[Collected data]
____________________
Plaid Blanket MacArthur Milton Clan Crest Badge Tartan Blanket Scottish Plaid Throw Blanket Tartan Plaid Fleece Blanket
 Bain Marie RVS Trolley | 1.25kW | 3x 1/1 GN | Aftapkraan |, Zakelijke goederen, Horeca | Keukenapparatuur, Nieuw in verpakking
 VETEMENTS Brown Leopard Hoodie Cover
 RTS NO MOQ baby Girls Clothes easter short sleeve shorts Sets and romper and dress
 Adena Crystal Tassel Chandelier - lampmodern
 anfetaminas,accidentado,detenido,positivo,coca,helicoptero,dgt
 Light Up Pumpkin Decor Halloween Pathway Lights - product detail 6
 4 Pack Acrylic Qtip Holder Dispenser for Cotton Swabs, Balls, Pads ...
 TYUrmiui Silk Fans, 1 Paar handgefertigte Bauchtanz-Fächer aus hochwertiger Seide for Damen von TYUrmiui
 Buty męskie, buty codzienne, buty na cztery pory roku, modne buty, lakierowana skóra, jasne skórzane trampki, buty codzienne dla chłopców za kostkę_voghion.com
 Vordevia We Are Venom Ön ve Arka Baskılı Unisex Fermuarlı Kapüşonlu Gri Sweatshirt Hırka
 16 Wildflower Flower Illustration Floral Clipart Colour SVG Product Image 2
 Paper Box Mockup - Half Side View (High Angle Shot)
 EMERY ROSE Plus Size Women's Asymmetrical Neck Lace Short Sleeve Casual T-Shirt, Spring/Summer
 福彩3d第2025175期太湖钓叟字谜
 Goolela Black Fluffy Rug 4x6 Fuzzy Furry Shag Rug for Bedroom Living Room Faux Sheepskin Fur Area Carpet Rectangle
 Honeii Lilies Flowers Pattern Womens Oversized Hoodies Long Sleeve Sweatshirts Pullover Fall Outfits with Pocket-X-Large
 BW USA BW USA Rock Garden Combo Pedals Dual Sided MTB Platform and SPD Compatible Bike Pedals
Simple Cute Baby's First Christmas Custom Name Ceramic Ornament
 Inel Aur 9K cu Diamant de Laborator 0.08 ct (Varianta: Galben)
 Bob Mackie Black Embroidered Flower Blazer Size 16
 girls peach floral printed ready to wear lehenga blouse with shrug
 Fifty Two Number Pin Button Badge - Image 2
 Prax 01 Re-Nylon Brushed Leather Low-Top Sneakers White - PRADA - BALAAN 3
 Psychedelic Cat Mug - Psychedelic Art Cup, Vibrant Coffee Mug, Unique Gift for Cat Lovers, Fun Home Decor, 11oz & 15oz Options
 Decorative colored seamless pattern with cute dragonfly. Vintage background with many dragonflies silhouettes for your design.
____________________
• [Exercise instructions]: I'd like the records returned exactly as they were written, please.

• [Exercise response]:
Plaid Blanket MacArthur Milton Clan Crest Badge Tartan Blanket Scottish Plaid Throw Blanket Tartan Plaid Fleece Blanket
 Bain Marie RVS Trolley | 1.25kW | 3x 1/1 GN | Aftapkraan |, Zakelijke goederen, Horeca | Keukenapparatuur, Nieuw in verpakking
 VETEMENTS Brown Leopard Hoodie Cover
 RTS NO MOQ baby Girls Clothes easter short sleeve shorts Sets and romper and dress
 Adena Crystal Tassel Chandelier - lampmodern
 anfetaminas,accidentado,detenido,positivo,coca,helicoptero,dgt
 Light Up Pumpkin Decor Halloween Pathway Lights - product detail 6
 4 Pack Acrylic Qtip Holder Dispenser for Cotton Swabs, Balls, Pads ...
 TYUrmiui Silk Fans, 1 Paar handgefertigte Bauchtanz-Fächer aus hochwertiger Seide for Damen von TYUrmiui
 Buty męskie, buty codzienne, buty na cztery pory roku, modne buty, lakierowana skóra, jasne skórzane trampki, buty codzienne dla chłopców za kostkę_voghion.com
 Vordevia We Are Venom Ön ve Arka Baskılı Unisex Fermuarlı Kapüşonlu Gri Sweatshirt Hırka
 16 Wildflower Flower Illustration Floral Clipart Colour SVG Product Image 2
 Paper Box Mockup - Half Side View (High Angle Shot)
 EMERY ROSE Plus Size Women's Asymmetrical Neck Lace Short Sleeve Casual T-Shirt, Spring/Summer
 福彩3d第2025175期太湖钓叟字谜
 Goolela Black Fluffy Rug 4x6 Fuzzy Furry Shag Rug for Bedroom Living Room Faux Sheepskin Fur Area Carpet Rectangle
 Honeii Lilies Flowers Pattern Womens Oversized Hoodies Long Sleeve Sweatshirts Pullover Fall Outfits with Pocket-X-Large
 BW USA BW USA Rock Garden Combo Pedals Dual Sided MTB Platform and SPD Compatible Bike Pedals
Simple Cute Baby's First Christmas Custom Name Ceramic Ornament
 Inel Aur 9K cu Diamant de Laborator 0.08 ct (Varianta: Galben)
 Bob Mackie Black Embroidered Flower Blazer Size 16
 girls peach floral printed ready to wear lehenga blouse with shrug
 Fifty Two Number Pin Button Badge - Image 2
 Prax 01 Re-Nylon Brushed Leather Low-Top Sneakers White - PRADA - BALAAN 3
 Psychedelic Cat Mug - Psychedelic Art Cup, Vibrant Coffee Mug, Unique Gift for Cat Lovers, Fun Home Decor, 11oz & 15oz Options
 Decorative colored seamless pattern with cute dragonfly. Vintage background with many dragonflies silhouettes for your design.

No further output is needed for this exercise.